La séance suspendue puis arrêtée : entre illégalité et refus d’obtempérer

Face à l’accumulation des requêtes procédurales, le juge a été contraint de lever la séance pour « examiner les demandes » confirmant une impression d’arbitraire absolu et d’improvisation

Une procédure illégitime : la Cour de cassation ignorée

Dès la reprise de la séance, un fait stupéfiant a marqué cette audience. Contre toute attente logique, la chambre a décidé de radier les noms des inculpés ayant déposé un pourvoi en cassation, tout en continuant à statuer sur le fond. La chambre a ainsi créé de toutes pièces une nouvelle procédure qui entre en contradiction même avec la nature des inculpations.
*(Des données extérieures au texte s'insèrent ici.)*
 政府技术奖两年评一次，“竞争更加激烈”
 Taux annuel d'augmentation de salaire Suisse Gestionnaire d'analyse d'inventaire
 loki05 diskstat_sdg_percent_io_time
En effet, trois prévenus M.K Jendoubi ; N Ben Ticha et R Chaïbi avaient déposé un recours en cassation contre la décision de la chambre d’accusation. En droit tunisien, ce recours suspend de plein droit l’examen de l’affaire par la juridiction de fond. (Le juge) La chambre n’en a pas tenu compte bafouant ainsi un principe fondamental de procédure celui de légalité des procédures. En agissant ainsi, le tribunal s’est arrogé une compétence qu’il ne détient pas, au mépris des principes les plus élémentaires de justice.
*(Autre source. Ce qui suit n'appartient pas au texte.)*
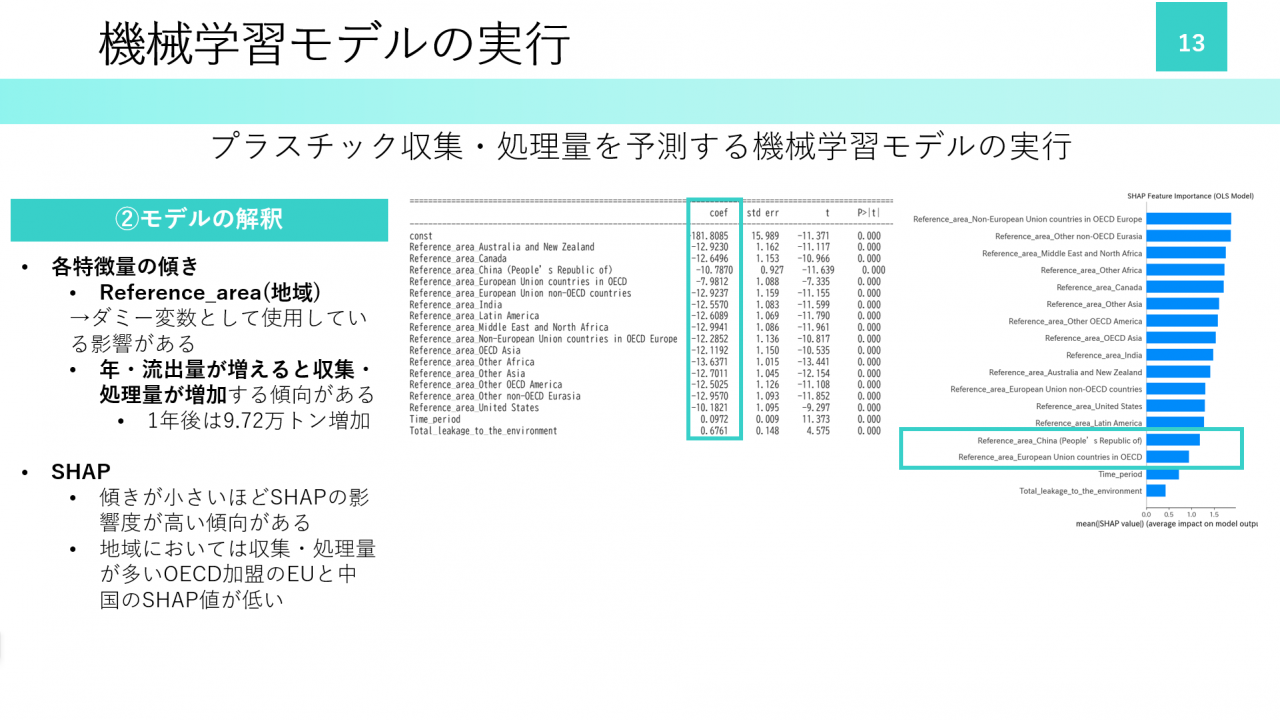 機械学習モデルの実行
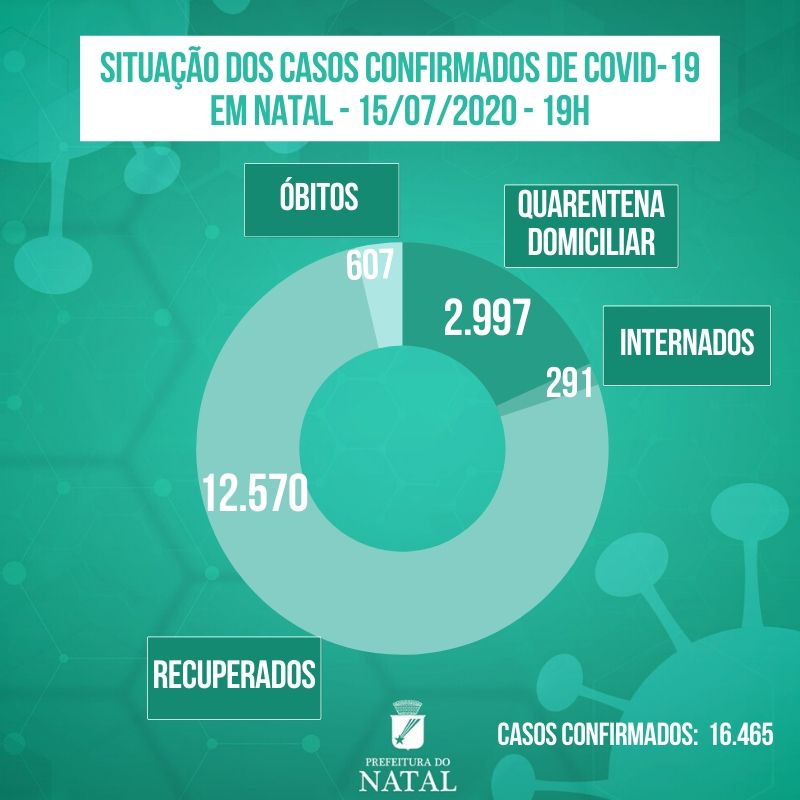 Natal tem 12.570 recuperados da COVID-19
Les avocats ont dénoncé cette décision la qualifiant d’ «exécution juridique sommaire ». Ils ont alors quitté collectivement la salle d’audience, refusant d’être les complices d’une parodie de justice.

La défense a ainsi mis en cause la légitimité de l’ensemble du bureau du tribunal, composé des magistrats suivants : Lassâd Chamakhi (président), Moez El Gharbi, Ahmed Barhoumi, Fatma Boukattaya, Afef Betaïeb. La défense et des experts ont dénoncé publiquement cette composition, affirmant devant la cour que ses décisions seront sans valeur et que cette mascarade judiciaire sera inévitablement corrigée une fois la légalité restaurée.

Un micro-procès parodique

Le président de la chambre, en annonçant la reprise de la séance, a procédé à la lecture de l’ordonnance de clôture d’instruction, mais au bout de 30 secondes, il a déclaré que la poursuite du procès devenait impossible face aux contestations des avocats, qui demandaient l’ajournement de l’audience afin d’entamer les procédures de retrait de leur ministère.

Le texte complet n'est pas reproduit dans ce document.